The male and female cubs – whom the soldiers named Scout and Patch – were released on the grounds of the Ethiopian president’s official residence after their 680-mile journey from the eastern hamlet of Gode.

“This is the first kind of rescue of animals, let alone cheetahs, that we have done,” said Sgt. Leah Cobble, 26, of Washington as she cuddled the two purring cubs on the runway of Bole International Airport before handing them to government veterinarian Fekadu Shiferaw.

The saga of the cubs started last month when U.S. counterterrorism troops, carrying out humanitarian work in the Gode region, discovered the animals’ owner was keeping them tied up with ropes around their necks at his restaurant and forcing them to fight each other for the amusement of patrons and village children.

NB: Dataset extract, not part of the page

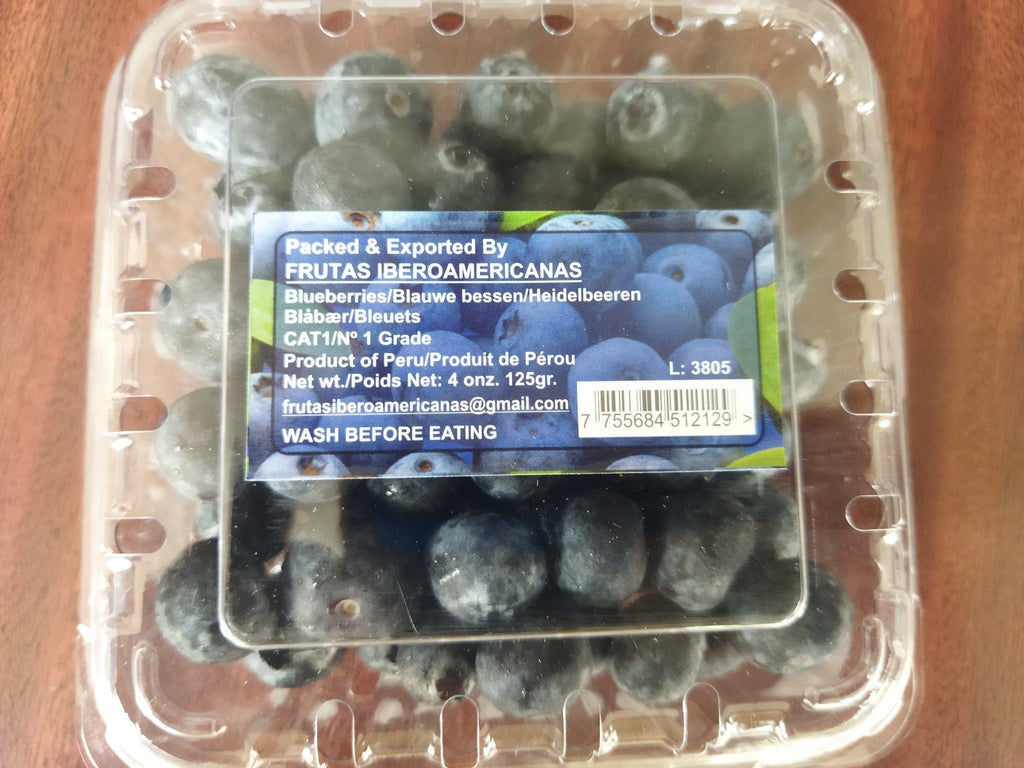 Packaged blueberries with a label on a wooden surface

One cub is blind in one eye.

The soldiers alerted the Ethiopian government and a U.S.-based cheetah rescue organization, drawing international attention to the cubs’ plight. They also tried to persuade restaurant owner Mohamed Hudle to hand over the cubs, but he wanted $1,000 for each animal, 10 times the average income in this impoverished nation of 77 million people.

Fekadu, the veterinarian, intervened. He flew to the village Saturday, confiscated the cubs and handed them over to U.S. forces for Tuesday’s transport.